● **Work instruction**: The expected answer is the data below, printed verbatim without its pictures.

● **Data provided**:
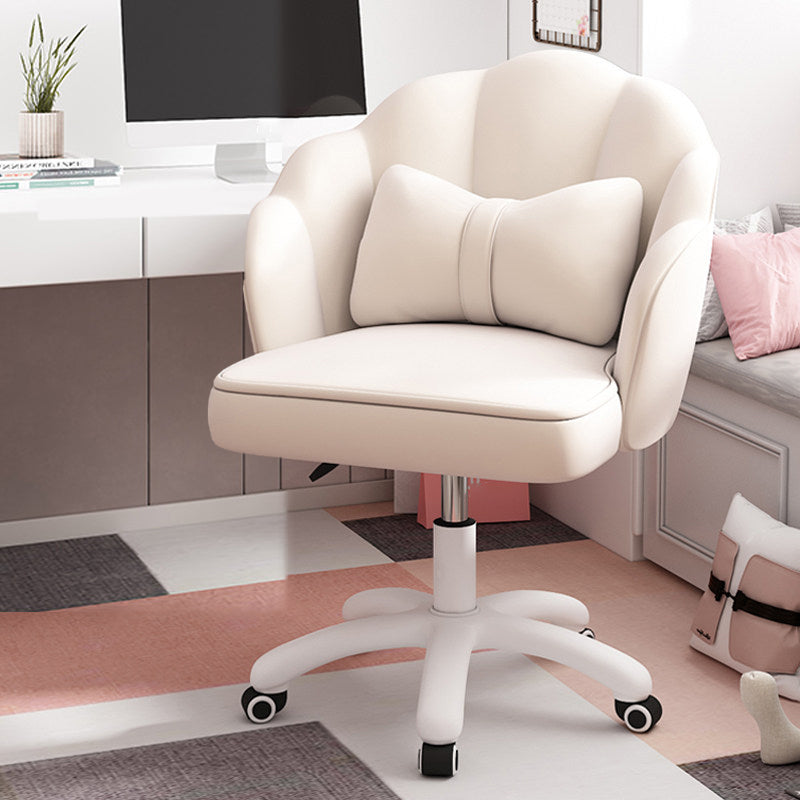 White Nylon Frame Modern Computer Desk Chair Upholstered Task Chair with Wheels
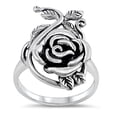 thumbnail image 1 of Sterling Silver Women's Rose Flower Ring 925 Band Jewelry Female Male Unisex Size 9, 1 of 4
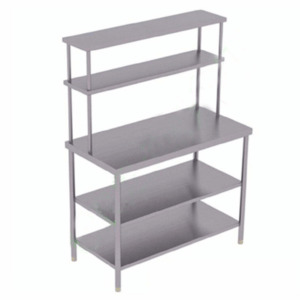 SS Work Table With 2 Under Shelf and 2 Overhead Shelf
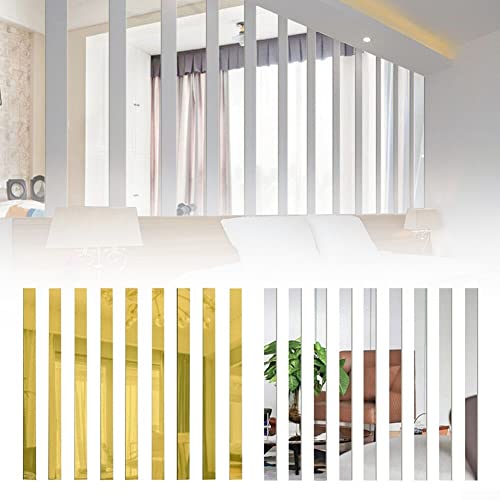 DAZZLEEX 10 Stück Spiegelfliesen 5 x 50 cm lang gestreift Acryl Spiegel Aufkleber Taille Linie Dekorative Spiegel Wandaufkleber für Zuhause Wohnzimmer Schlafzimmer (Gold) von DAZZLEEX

● **Output of the exercise**:
 White Nylon Frame Modern Computer Desk Chair Upholstered Task Chair with Wheels
 thumbnail image 1 of Sterling Silver Women's Rose Flower Ring 925 Band Jewelry Female Male Unisex Size 9, 1 of 4
 SS Work Table With 2 Under Shelf and 2 Overhead Shelf
 DAZZLEEX 10 Stück Spiegelfliesen 5 x 50 cm lang gestreift Acryl Spiegel Aufkleber Taille Linie Dekorative Spiegel Wandaufkleber für Zuhause Wohnzimmer Schlafzimmer (Gold) von DAZZLEEX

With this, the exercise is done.